VILLAGE OF GATES MILLS, Appellee, v. WELSH, Appellant.

No. 78740.

Decided: October 22, 2001

Daniel W. Taylor, Cleveland, for appellee. Carr, Feneli & Carbone Co., Leonard F. Carr and L. Bryan Carr, Mayfield Heights, for appellant.

The Lyndhurst Municipal Court found defendant Edward F. Welsh guilty of failing to control his dog, a minor misdemeanor in violation of R.C. 955.22(C).   This appeal raises several procedural and substantive issues for review.

Defendant owns four dogs that are restrained by the use of an invisible electric fence running along the perimeter of his property.   The complainant, who lives two houses from defendant, testified that she had been walking on the road in front of defendant's house when defendant's dogs saw her and charged the invisible fence.   Three of the dogs stopped at the fence, but a fourth ran through the fence and into the road, coming eight to ten feet away from her, baring its teeth and snarling.   The complainant began screaming.   Her husband heard the screams, saw one of defendant's dogs in the road, and ran to help her.   When the dog saw the husband, it ran back into the yard.

Defendant denied that the dogs were outside at the time of the incident, although he conceded that a family member might have let the dogs out without his knowledge.   He also presented evidence to show that the invisible fence had been in working order at the time, although the evidence also suggested that a working invisible fence would not guarantee that a dog would not cross the fence line.   He claimed that complainant refused a police officer's suggestion that she work out any problems with defendant, choosing instead to file a criminal complaint, solely because she carried a grudge against him because he refused to participate in a neighborhood sewer project.
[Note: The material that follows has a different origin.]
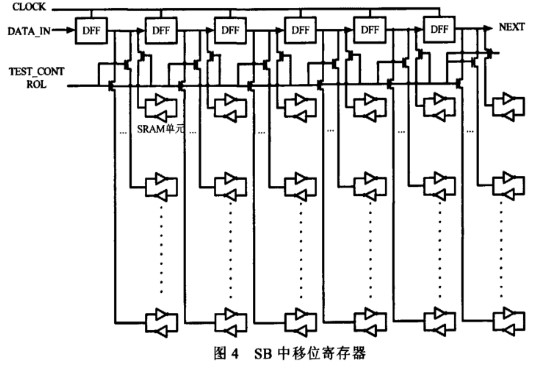 FPGA连线资源的可测性研究及优势分析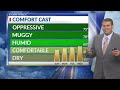 Morning Forecast, August 2, 2026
The court found that a dog had crossed through the invisible fence.   Applying a strict liability standard, the court found defendant guilty.   It did, however, note that defendant made reasonable efforts to confine his dogs and therefore suspended all fines.


The first assignment of error complains that the court erred by permitting the city of Gates Mills to amend the complaint from the originally charged offense under Gates Mills Ordinance 518.01(d), a first degree misdemeanor, to one under R.C. 955.22(C), a minor misdemeanor.   Defendant claims that the village did so for the sole purpose of denying him the right to a trial by jury.

Crim.R. 7(D) permits the court to amend a complaint at any time before, during, or after trial, with respect to any defect, imperfection, or omission in form or substance, provided no change is made in the name or identity of the crime charged.

Gates Mills Ordinance 518.01(d) states:

“No owner, keeper or harborer of any dog shall fail at any time to keep it either physically confined or restrained upon the premises of the owner, keeper or harborer by a leash, tether, adequate fence, supervision or secure enclosure to prevent escape, or under reasonable control of some person, except when the dog is lawfully engaged in hunting accompanied by the owner, keeper or harborer.”

A violation of Gates Mills Ordinance is a first degree misdemeanor.

R.C. 955.22 states:

“(C) Except when a dog is lawfully engaged in hunting and accompanied by the owner, keeper, harborer, or handler of the dog, no owner, keeper, or harborer of any dog shall fail at any time to do either of the following:

“(1) Keep the dog physically confined or restrained upon the premises of the owner, keeper, or harborer by a leash, tether, adequate fence, supervision, or secure enclosure to prevent escape;

“(2) Keep the dog under the reasonable control of some person.”

R.C. 955.99(E)(1) says that a violation of R.C. 955.22(C) is punishable by a fine of not less than $25 or more than $100 on a first offense.   Although the statute does not specify a degree for the offense, a $100 limitation on a fine makes a first offense under R.C. 955.22(C) a minor misdemeanor.   See R.C. 2929.21(D).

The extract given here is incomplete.